210 FPS at 27 inch draw 175 grain on a cut gold tip hunter 400 spine with 4” feathers. I used a cheap Dacron string off my made in China 60” recurve maybe 14-16 strands. Just fletched up some victory vaps with 190 gr and have a 60x custom string on order and we will re chrono


----------



## Charley1378 (Jul 16, 2018)

Limbs are vx+ scales 65 lbs at 27” on the Satori with the cheap string


----------



## Charley1378 (Jul 16, 2018)

Was a 14 strand string so results will hopefully improve with 20 strands of fast flight


----------



## Charley1378 (Jul 16, 2018)

Well I’m super satisfied we got 220 FPS with 195gr on the tip 400 spine victory VAP Sport cut to 28” with the 20 strand string brace height a little high at 8 7/8 had to order a 1” longer string today as the 56” would not let me go lower. If I can lower brace height it may pick up a bit. Satori with standard limbs is supposed to land 7.5 to 8.5 range if I remember correctly. This thing hits like a truck at 65lbs


----------



## Jim Casto Jr (Aug 20, 2002)

What's the total arrow weight?


----------



## Hnh092299 (Jun 3, 2015)

Arrow wt?


Sent from my iPhone using Tapatalk


----------



## Charley1378 (Jul 16, 2018)

Hnh092299 said:


> Arrow wt?
> 
> Approx 420gr doing the math. That’s a hunting arrow at 220 FPS pretty impressive to me.
> 
> Vap sport 400 spine 95 gr steel outsert 100gr tip. 3” feathers


----------



## Jim Casto Jr (Aug 20, 2002)

That makes your arrow, 6.46 grains per pound. It would be interesting to see what speed your getting with an arrow at 9 or 10 gpp. Several years ago, I'd bought a new DAS riser with KAP carbon/wood limbs. On my chrono, with a 7 gpp arrow it shot at 218 fps. I only shot the thing three times to chrono it for fear the limbs would blow up. You probably won't have to worry with the Uukha limbs but I'd be cautious with laminated limbs.

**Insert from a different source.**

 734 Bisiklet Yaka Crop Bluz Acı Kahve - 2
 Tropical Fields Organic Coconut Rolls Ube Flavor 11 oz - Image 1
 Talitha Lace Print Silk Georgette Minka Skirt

Bottom line... your numbers are about what should be expected with an arrow that light.


----------



## Charley1378 (Jul 16, 2018)

Jim Casto Jr said:


> That makes your arrow, 6.46 grains per pound. It would be interesting to see what speed your getting with an arrow at 9 or 10 gpp. Several years ago, I'd bought a new DAS riser with KAP carbon/wood limbs. On my chrono, with a 7 gpp arrow it shot at 218 fps. I only shot the thing three times to chrono it for fear the limbs would blow up. You probably won't have to worry with the Uukha limbs but I'd be cautious with laminated limbs.
> 
> Bottom line... your numbers are about what should be expected with an arrow that light.

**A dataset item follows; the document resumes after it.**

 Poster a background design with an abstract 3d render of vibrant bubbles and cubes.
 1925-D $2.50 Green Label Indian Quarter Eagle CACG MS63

7.1 GPP is what is spec according to victory


----------



## Jim Casto Jr (Aug 20, 2002)

I think we're talking past each other. Victory's specs would tell you grains per inch of shaft. I'm talking about grains per pound of bow weight. Compound guys talk in terms of gpi; we talk in terms of gpp.


----------



## Charley1378 (Jul 16, 2018)

Jim Casto Jr said:


> I think we're talking past each other. Victory's specs would tell you grains per inch of shaft. I'm talking about grains per pound of bow weight. Compound guys talk in terms of gpi; we talk in terms of gpp.

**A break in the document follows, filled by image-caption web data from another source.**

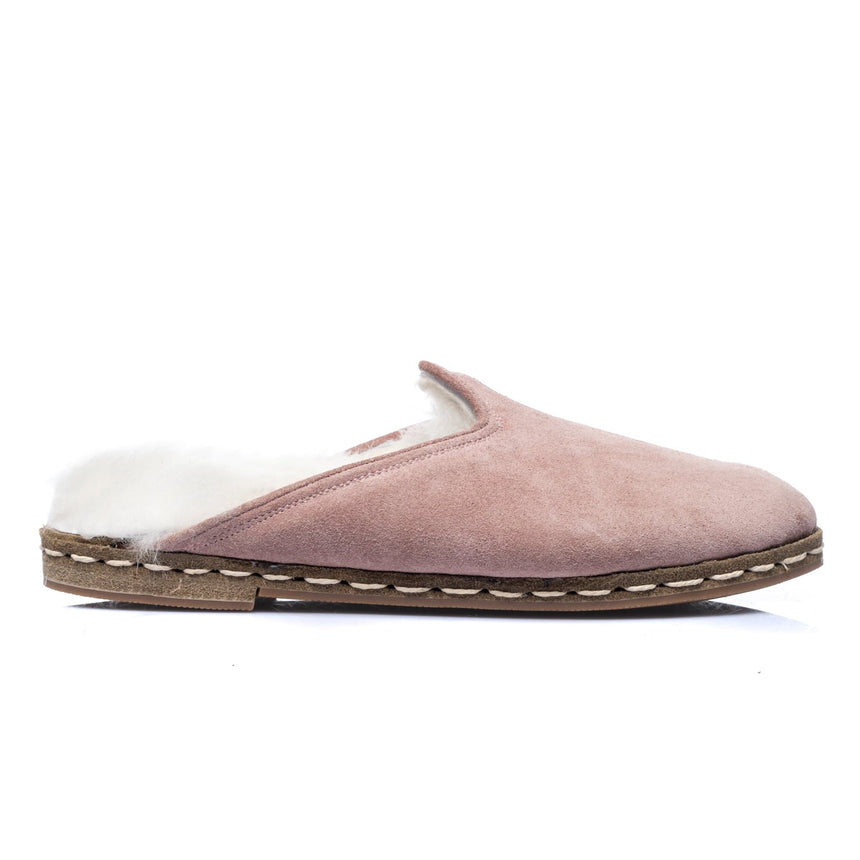 Erkek Pembe Süet Kürklü Terlik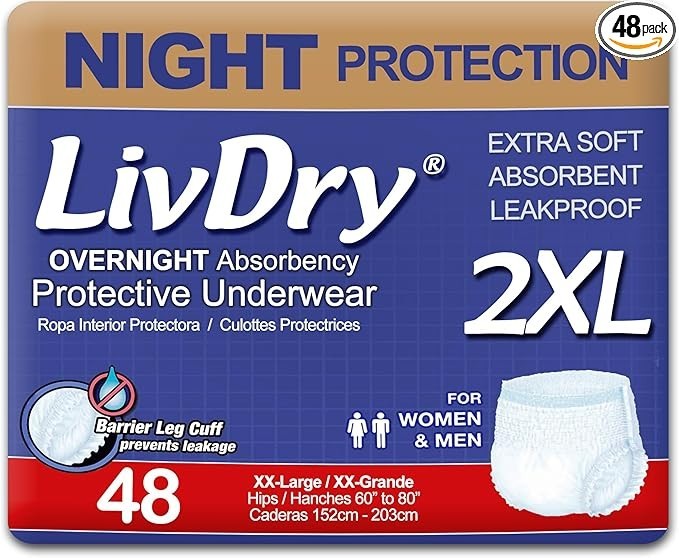 LivDry Ultimate 2XL Adult Incontinence Underwear, Adult Diapers XXL 48 unisex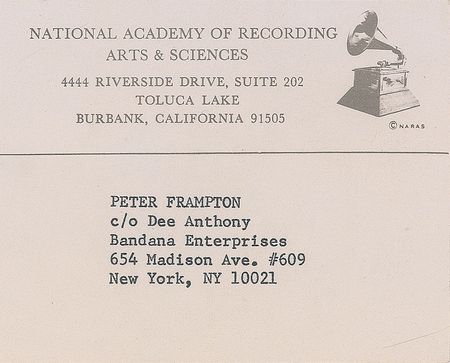 Lot #875 Peter Frampton: 1976 Grammy Nomination - Image 2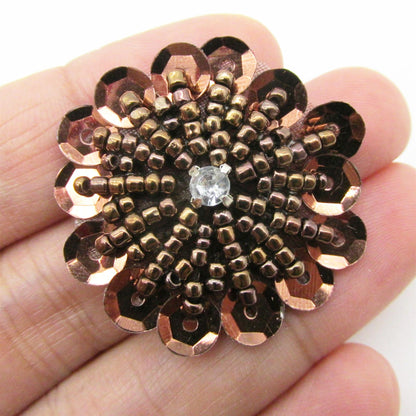 Beaded Sequin Flower Motif With Diamante 30mm 7741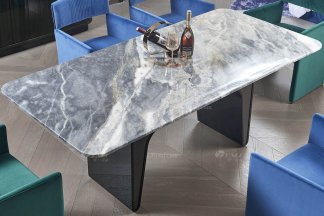 后現代輕奢風格家具高端會所別墅品牌家具時尚餐廳大理石面+尼斯莫蘭迪綠餐桌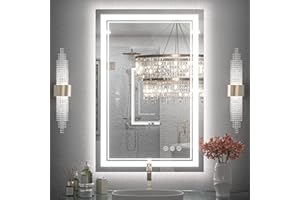 Keonjinn LED Bathroom Mirror 24" x 36" with Front and Backlight, Stepless 3 Colors Temperature & Dimmable Backlit Mirror, Double LED Strips, Anti-Fog Tempered Glass Vanity Mirror, UL Listed LED Driver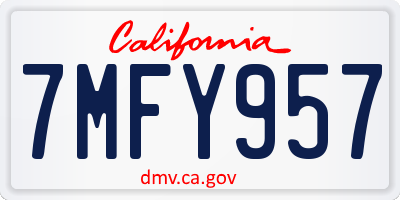 CA license plate 7MFY957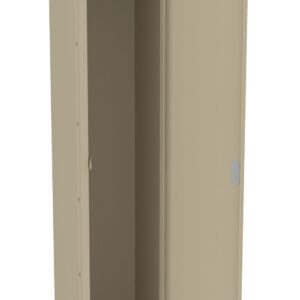 Tall beige locker with a single open door, revealing an empty interior. Inside, theres a top shelf, a hanging rod, and a hook on the sidewall. The locker is free-standing with a simple, rectangular design.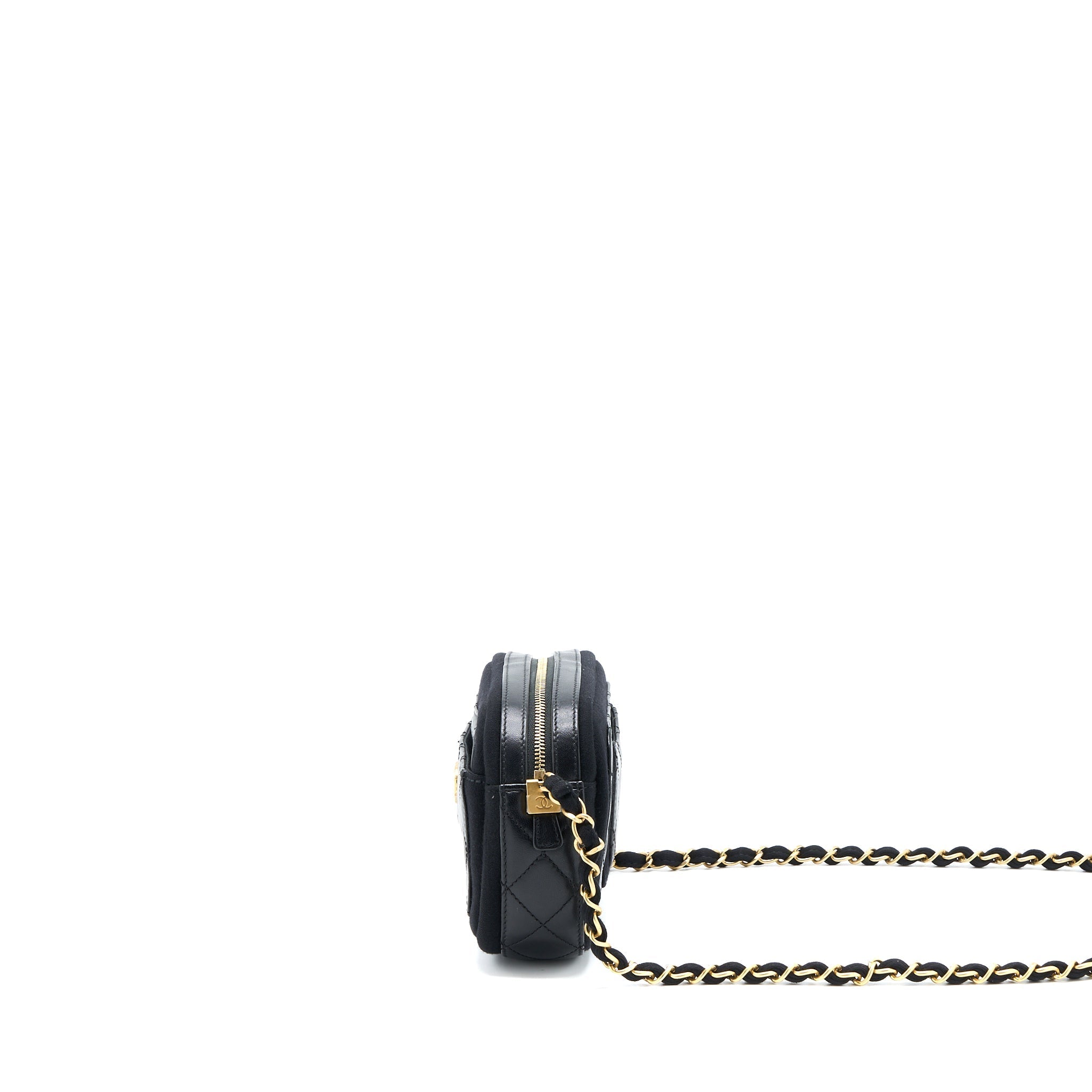 CHANEL CAMERA BAG LEATHER/ CANVAS BLACK GHW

As Per victory website shows gpp not gpi so would that not be the per pound?


----------



## Jim Casto Jr (Aug 20, 2002)

How would they know what the grains per pound is unless they knew the exact weight of your bow?


----------



## Charley1378 (Jul 16, 2018)

Jim Casto Jr said:


> How would they know what the grains per pound is unless they knew the exact weight of your bow?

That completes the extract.